We also go visit Hamersley Gorge. The Rocks exposed in the gorges of Karijini National Park originated as fine grained sediment which accumulated on an ancient sea floor 2,500 million years ago. At this time, the atmosphere contained much less oxygen and the only forms of life were simple bacteria and algae. Many of these sediments laid down in the oceans were rich in iron and silica.

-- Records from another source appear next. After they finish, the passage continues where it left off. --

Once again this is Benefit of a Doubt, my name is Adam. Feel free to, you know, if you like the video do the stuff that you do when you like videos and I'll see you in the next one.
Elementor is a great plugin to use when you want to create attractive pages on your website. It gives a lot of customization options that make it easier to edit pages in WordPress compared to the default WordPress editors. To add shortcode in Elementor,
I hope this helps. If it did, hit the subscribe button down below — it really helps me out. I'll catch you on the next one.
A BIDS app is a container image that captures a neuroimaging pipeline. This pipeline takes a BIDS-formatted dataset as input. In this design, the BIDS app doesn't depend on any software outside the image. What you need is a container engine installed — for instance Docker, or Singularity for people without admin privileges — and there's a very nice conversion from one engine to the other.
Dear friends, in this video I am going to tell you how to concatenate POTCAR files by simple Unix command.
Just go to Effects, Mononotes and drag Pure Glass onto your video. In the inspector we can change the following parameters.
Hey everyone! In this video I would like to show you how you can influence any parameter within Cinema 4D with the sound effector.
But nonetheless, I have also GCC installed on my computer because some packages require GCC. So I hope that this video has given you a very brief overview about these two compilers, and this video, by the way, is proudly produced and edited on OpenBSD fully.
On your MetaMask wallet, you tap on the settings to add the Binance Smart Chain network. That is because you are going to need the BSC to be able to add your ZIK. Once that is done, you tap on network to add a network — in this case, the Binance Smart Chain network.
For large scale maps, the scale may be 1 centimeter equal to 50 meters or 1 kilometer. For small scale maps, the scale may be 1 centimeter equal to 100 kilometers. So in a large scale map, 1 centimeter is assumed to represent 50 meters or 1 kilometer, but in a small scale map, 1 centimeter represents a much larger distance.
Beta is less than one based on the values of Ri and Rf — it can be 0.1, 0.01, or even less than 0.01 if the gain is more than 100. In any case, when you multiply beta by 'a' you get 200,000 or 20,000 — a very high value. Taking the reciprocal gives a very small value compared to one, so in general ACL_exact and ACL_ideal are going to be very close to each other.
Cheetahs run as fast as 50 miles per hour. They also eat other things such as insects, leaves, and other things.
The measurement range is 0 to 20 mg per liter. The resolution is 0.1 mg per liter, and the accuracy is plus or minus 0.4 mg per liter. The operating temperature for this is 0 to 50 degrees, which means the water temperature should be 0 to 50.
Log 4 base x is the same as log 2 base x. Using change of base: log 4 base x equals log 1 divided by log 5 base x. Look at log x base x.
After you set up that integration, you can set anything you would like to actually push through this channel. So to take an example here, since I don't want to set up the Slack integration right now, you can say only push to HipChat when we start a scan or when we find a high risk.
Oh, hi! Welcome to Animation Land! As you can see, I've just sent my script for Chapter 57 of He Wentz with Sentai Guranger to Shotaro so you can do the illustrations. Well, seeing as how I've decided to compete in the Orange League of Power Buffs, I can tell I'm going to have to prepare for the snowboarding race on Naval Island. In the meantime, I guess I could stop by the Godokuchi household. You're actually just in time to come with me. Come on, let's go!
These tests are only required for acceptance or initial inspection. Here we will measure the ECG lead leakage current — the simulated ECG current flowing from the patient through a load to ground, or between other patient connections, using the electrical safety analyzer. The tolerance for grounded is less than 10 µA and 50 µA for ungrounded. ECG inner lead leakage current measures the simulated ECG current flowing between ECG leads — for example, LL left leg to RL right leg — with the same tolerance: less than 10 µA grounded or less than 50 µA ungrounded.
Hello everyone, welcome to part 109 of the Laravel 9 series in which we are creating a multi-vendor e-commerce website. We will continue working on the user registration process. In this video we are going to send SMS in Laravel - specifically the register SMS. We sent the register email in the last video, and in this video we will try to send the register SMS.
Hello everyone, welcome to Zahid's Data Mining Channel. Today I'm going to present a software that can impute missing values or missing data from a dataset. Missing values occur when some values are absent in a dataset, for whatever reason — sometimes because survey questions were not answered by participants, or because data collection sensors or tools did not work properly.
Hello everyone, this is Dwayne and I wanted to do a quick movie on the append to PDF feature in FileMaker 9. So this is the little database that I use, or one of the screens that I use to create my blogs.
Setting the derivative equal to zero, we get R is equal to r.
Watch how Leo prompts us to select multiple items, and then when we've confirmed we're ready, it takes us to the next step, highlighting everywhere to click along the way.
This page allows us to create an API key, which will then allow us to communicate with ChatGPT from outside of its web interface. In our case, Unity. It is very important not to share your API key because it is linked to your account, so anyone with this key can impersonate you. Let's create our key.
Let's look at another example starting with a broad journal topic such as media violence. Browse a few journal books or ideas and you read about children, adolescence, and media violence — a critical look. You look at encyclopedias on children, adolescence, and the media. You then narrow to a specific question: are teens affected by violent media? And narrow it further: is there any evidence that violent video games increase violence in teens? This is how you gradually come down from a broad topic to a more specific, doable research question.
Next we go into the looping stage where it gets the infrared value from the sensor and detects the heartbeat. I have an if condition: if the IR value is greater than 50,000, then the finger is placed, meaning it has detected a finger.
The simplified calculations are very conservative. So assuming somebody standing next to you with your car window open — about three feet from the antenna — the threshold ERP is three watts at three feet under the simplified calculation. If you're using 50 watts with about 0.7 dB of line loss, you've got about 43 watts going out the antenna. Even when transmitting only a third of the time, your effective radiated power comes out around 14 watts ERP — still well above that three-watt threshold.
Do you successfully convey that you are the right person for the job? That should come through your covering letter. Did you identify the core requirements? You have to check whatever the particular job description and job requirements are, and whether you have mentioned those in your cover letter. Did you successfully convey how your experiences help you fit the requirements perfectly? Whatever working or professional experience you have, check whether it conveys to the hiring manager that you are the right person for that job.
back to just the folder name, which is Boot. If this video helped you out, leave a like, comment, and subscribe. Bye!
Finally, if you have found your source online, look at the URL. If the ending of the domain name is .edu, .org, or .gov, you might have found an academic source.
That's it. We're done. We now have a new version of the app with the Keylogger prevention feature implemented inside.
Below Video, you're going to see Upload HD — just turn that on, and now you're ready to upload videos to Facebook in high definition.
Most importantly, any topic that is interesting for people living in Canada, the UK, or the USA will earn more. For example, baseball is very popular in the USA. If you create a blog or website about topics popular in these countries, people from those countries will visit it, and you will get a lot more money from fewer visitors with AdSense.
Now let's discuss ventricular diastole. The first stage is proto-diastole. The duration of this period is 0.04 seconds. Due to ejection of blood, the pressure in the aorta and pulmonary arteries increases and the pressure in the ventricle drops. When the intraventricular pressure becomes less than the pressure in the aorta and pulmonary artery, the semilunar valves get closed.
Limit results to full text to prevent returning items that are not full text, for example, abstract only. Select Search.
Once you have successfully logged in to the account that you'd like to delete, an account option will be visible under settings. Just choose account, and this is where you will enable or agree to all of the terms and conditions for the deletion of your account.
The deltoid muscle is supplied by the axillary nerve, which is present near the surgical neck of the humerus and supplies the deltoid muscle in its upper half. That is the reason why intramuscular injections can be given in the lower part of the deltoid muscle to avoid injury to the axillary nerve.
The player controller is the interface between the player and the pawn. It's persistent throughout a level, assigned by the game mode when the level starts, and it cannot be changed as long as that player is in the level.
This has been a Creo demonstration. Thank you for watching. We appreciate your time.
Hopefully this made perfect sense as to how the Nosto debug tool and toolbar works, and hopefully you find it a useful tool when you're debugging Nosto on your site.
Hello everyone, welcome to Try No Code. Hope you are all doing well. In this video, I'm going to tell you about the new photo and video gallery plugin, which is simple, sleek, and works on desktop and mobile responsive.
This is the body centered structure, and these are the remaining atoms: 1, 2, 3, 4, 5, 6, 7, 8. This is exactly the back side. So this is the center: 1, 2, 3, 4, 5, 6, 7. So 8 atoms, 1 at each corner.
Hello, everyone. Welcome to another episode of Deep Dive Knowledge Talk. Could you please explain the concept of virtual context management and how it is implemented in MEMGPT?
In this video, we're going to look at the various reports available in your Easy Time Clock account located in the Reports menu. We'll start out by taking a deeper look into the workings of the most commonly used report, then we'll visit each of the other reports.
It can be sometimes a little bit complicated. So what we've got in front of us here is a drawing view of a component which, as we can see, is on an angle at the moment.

Over hundreds of millions of years, the iron-rich deposits were transformed by the pressure of further sediments laid down over them, and they gradually turned into tough well-bedded rock. The gorges were eroded when a sharp drop in sea level caused the rivers to erode the landscape rapidly — a process enhanced by the onset of a more arid climate, which depleted the protective vegetation cover on the valley sides.
We all pack back into our campers and drive to the EcoKarijini Campsite. It is just cute and we all get settled and take a hike.
When we get back we find someone has left us wine and food to eat. That was so thoughtful of them.
After we all partake in the wine and food we make it an early night tired from the last couple of days travel. I'm so excited to go hiking around looking into all the gorges around here.
I ended up with 1030 steps because I found a great knee brace in Exmouth!
It won't fix my knee but it does make it feel better than without it.